## What the task asks
Every line containing the word "Wood" is to be copied from the data below.

## Working data

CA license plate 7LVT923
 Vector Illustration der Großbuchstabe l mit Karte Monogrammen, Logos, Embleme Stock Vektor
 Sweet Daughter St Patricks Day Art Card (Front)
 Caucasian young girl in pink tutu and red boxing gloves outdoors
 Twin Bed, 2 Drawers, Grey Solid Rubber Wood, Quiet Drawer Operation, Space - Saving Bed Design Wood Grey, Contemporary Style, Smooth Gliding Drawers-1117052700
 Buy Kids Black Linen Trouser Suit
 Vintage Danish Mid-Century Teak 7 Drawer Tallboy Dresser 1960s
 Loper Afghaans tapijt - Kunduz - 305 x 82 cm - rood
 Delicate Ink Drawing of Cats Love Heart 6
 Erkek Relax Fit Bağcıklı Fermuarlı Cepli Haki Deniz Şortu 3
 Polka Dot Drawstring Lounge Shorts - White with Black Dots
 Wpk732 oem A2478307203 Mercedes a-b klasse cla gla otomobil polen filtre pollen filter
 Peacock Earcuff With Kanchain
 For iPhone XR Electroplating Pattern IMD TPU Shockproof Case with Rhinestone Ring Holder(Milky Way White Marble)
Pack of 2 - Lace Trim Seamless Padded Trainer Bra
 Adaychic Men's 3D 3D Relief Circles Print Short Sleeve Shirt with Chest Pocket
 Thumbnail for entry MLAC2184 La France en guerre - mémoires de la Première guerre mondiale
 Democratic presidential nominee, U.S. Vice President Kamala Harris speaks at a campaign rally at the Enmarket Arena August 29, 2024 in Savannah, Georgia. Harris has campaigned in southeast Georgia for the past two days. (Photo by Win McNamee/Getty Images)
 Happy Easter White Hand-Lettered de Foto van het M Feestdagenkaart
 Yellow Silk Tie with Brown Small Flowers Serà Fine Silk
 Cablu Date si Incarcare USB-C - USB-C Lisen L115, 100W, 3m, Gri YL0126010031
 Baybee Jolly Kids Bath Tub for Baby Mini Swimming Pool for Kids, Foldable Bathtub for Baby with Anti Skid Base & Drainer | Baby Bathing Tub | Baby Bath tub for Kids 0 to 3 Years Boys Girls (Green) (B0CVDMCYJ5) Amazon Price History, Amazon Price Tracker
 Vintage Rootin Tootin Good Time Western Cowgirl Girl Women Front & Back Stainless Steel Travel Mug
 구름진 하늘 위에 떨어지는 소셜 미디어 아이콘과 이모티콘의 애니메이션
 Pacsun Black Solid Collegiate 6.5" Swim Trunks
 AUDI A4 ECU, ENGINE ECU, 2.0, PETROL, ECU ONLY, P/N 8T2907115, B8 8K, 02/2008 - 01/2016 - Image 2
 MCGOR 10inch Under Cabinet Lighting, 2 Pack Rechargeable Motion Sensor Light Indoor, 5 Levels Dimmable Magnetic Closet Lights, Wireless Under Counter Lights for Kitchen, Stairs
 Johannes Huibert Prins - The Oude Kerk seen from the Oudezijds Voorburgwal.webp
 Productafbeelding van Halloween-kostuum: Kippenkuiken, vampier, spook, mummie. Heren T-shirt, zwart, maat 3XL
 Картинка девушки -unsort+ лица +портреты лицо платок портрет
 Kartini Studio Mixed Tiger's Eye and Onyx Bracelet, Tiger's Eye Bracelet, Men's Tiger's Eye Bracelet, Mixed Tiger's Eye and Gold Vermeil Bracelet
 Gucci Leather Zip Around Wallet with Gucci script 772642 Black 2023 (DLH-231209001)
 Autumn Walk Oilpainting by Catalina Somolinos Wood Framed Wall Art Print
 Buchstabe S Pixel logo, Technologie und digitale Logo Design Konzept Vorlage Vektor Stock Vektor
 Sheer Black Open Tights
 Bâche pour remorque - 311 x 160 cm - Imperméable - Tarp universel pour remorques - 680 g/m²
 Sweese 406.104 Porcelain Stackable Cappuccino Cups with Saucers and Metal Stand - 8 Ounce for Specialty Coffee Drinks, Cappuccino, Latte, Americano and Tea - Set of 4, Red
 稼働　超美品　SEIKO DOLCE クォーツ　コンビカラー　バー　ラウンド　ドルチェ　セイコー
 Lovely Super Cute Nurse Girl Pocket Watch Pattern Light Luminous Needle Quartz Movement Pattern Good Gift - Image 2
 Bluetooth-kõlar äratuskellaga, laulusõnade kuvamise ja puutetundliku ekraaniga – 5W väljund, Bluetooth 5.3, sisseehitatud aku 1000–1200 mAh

## Exercise result
 Twin Bed, 2 Drawers, Grey Solid Rubber Wood, Quiet Drawer Operation, Space - Saving Bed Design Wood Grey, Contemporary Style, Smooth Gliding Drawers-1117052700
 Autumn Walk Oilpainting by Catalina Somolinos Wood Framed Wall Art Print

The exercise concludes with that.